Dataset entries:
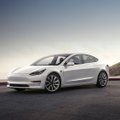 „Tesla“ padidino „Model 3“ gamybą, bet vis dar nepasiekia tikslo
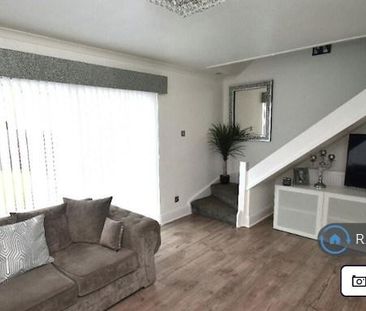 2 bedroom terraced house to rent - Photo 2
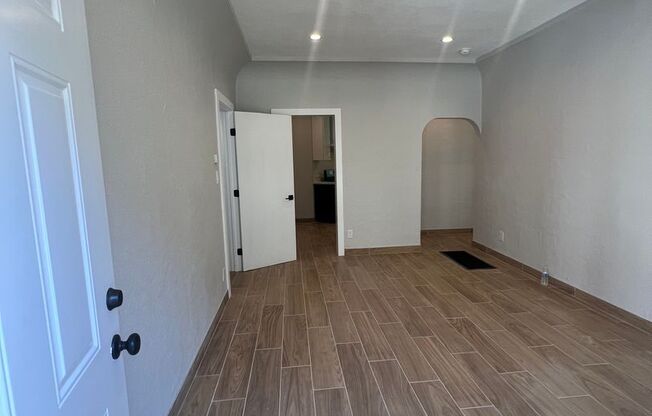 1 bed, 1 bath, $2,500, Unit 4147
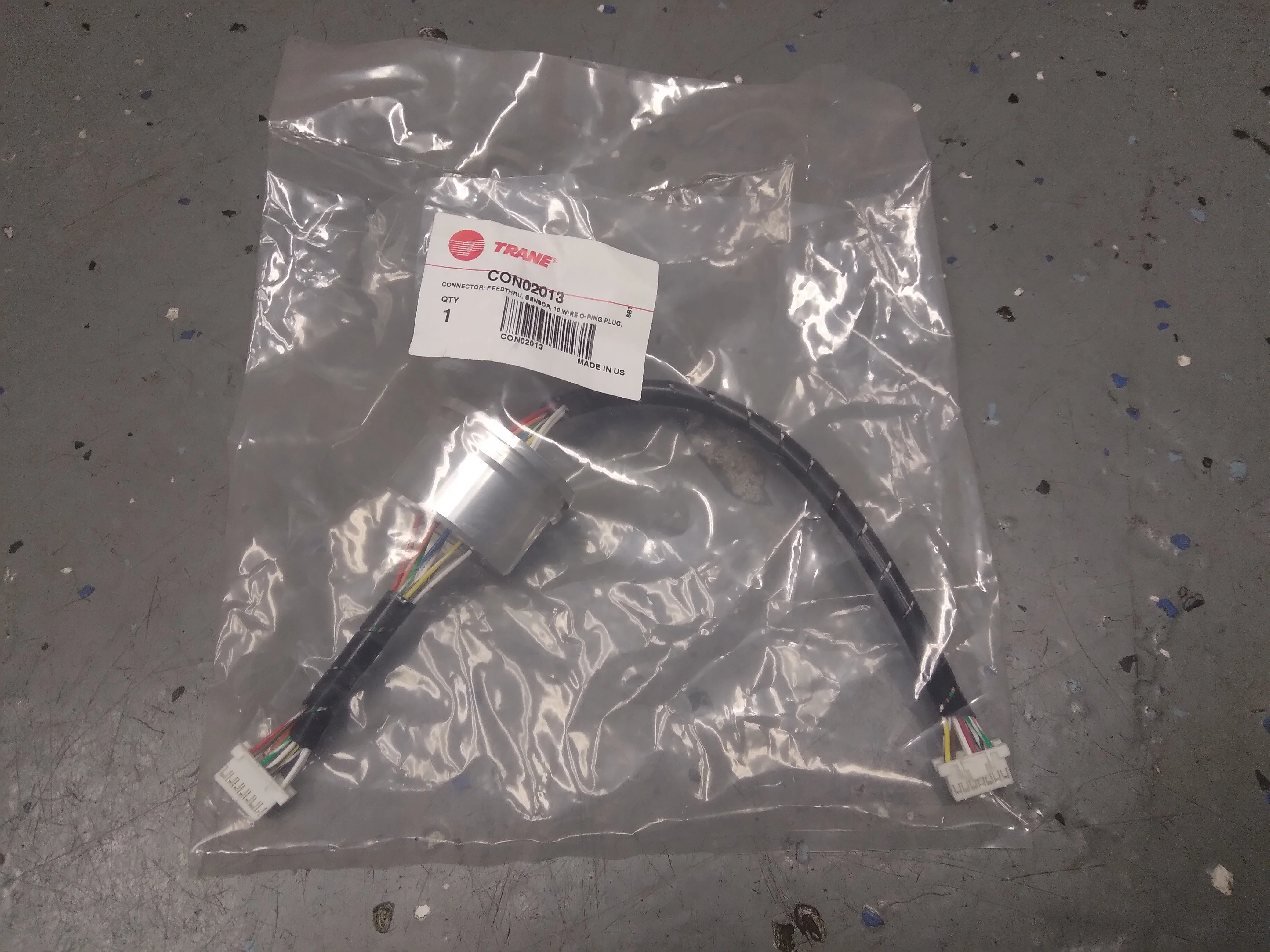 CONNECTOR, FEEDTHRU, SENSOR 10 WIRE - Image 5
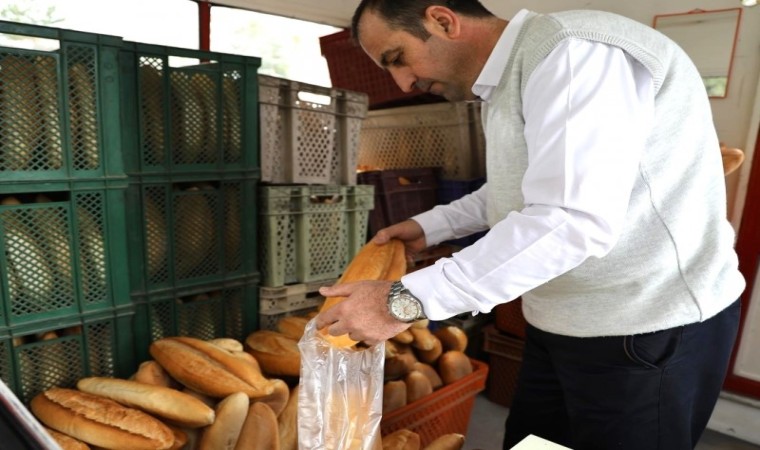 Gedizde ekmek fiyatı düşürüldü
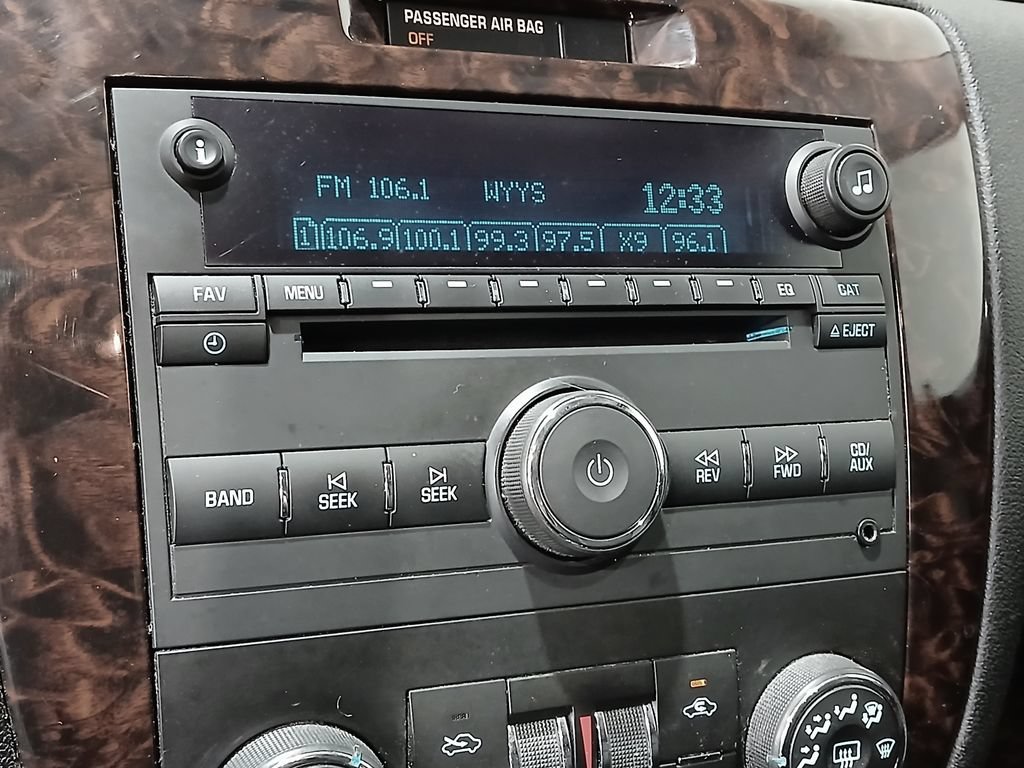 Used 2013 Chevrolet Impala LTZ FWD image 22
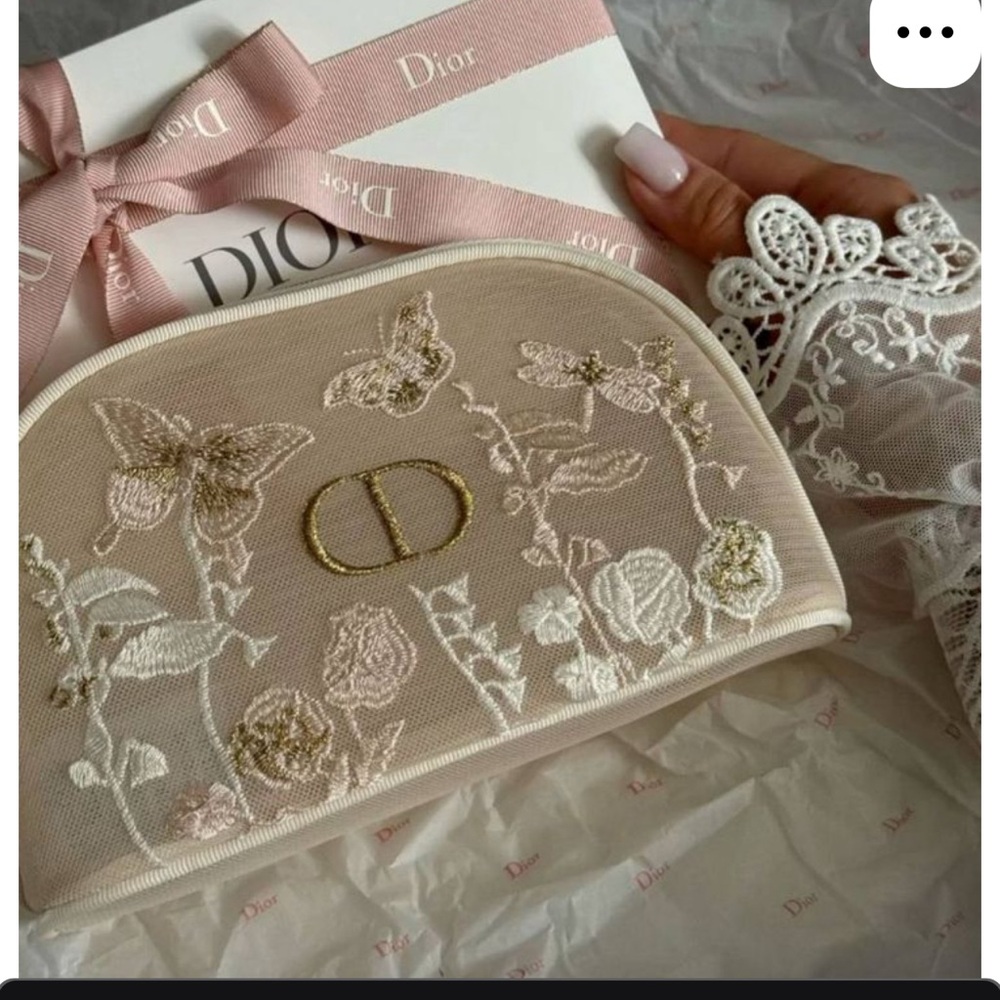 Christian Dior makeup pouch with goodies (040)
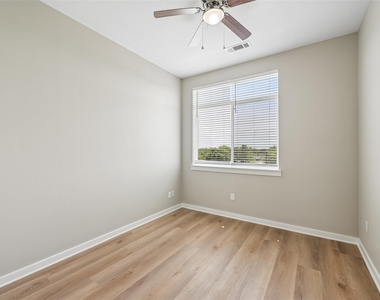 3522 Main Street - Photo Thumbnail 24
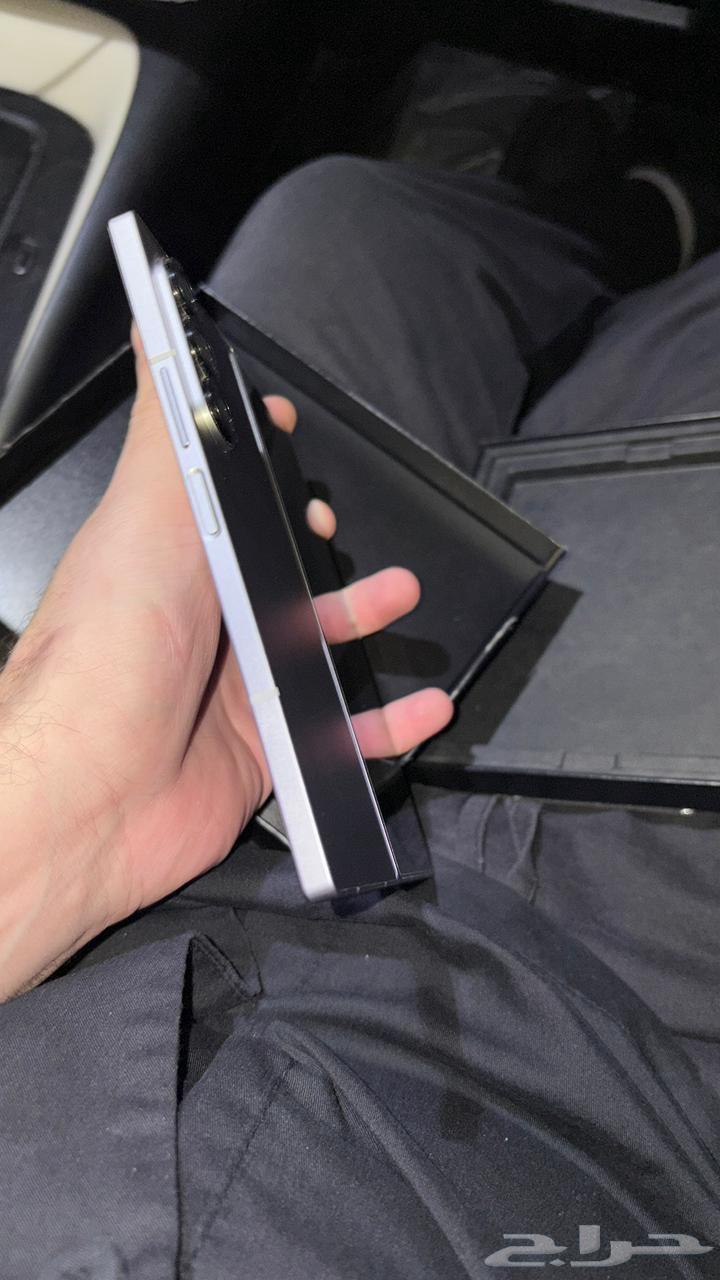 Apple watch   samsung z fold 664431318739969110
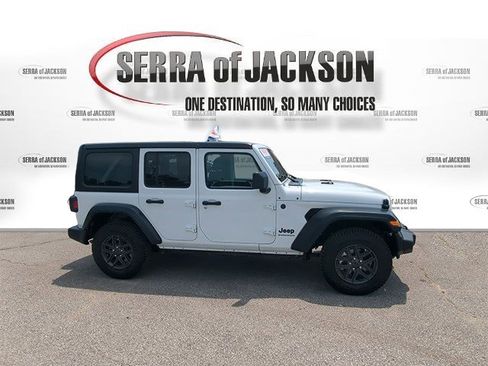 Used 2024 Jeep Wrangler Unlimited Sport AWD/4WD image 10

• **EXERCISE DETAILS**
Quote, please, only the lines running from the one with "3522 Main Street - Photo Thumbnail 24" down to the final line of the data above, keeping both ends and skipping the pictures.

• **TASK ANSWER**
 3522 Main Street - Photo Thumbnail 24
 Apple watch   samsung z fold 664431318739969110
 Used 2024 Jeep Wrangler Unlimited Sport AWD/4WD image 10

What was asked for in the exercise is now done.